Значит, при делении род - целое, вид - часть, точно также отличительные признаки - целое, а то, на что они делятся, - части. Но об этом достаточно.

Деление целого

Теперь мы скажем о том делении, которое состоит в делении целого на части. Действительно, оно следует за делением рода на виды. То, что мы называем целым, мы обозначаем не однозначно: ведь целое - это и то, что непрерывно как тело или линия, либо что-либо подобное; также мы называем целым и то, что не является непрерывным, как, например, целое стадо, или весь народ, или целое войско; далее, целым мы называем общее понятие, например "человек" или "лошадь", так как они являются целым для своих частей, т.е. людей или лошадей, почему мы и называем отдельного человека частным. Говорят также, что целое состоит из некоторых добродетелей, подобно тому, как у души одна способность к размышлению, другая - к чувственному восприятию, а третья - к росту. Стало быть, когда мы говорим о делении, вот столькими способами следует осуществлять его, и прежде всего, если целое непрерывно, то делить следует на те части, из которых, как представляется, целое состоит, а иначе деления не получится. Ведь тело человека можно было бы разделить на его собственные части: на голову, руки, грудь, ноги, и если бы деление продолжалось сообразно собственным частям тела, то оно было бы правильным. Если состав сложен, то сложно и деление, например: животное делится на части, которые имеют подобные себе части, - на мясо, кости и т. д., и опять же на такие, которые не имеют подобных себе частей - руки, ноги и т. д. Таким же способом делится и корабль, и дом. Книга же разлагается на строки, а те - на слова, слова - на слоги, слоги - на буквы. Таким образом, получается, что слоги и буквы, слова и строки, которые суть части некоторой целой книги, рассмотренные в другом аспекте, являются не частями целого, а частями частей. Однако не следует все рассматривать так, как если бы оно делилось в действительности, но так, как мы делим в душе или мысли, например, вино, смешанное с водой, мы разливаем по разным кувшинам как вино, примешанное к воде, и такое деление происходит в действительности, но если мы делим на воду и вино, из которых смесь состоит, то такое деление производится в мысли, ведь такую смесь невозможно разделить в действительности. К делению целого относится также и деление на материю и форму. Действительно, одно дело сказать, что статуя состоит из своих частей, другое дело - что из материи и формы, т. е. меди и вида.

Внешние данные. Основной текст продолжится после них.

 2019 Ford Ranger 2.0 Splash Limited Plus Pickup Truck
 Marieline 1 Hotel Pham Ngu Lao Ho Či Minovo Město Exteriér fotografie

Подобным же образом следует делить как все то целое, которое не является непрерывным, так и то целое, которое является общим понятием, например: "одни из людей находятся в Европе, другие - в Азии, третьи - в Африке". Деление же целого, которое состоит из добродетелей, следует производить таким образом: "одна часть души присуща только растениям, другая - животным", и "у той части души, которая присуща животным, одна часть - разумная, другая - чувствующая", и так можно дальше делить согласно другим дифференциям. Но душа для них не род, ведь они части души, но части не количественные, а такие, как некая способность и добродетель. Ведь сущность души складывается из этих способностей. Поэтому-то и выходит так, что такое деление имеет некое подобие как с делением рода, так и с делением целого. Действительно, то, что какой бы ни была часть этого деления, за ней следует предикация души, относится к делению рода, чей вид, где бы он ни был, сразу же следует за самим родом. А то, что не всякая душа состоит из всех частей, но одни души из одних, другие - из других, следует отнести к природе целого.

Деление слова

Итак, остается рассмотреть, как осуществляется деление слов в отношении значений. А происходит деление слова тремя способами. Действительно, в отношении значений слова делятся на омонимы, или неоднозначные, иначе говоря, одно слово обозначает несколько вещей, например "пес", и опять-таки одно высказывание может иметь несколько значений, например "dico Graecos vicisse Troianos" [7].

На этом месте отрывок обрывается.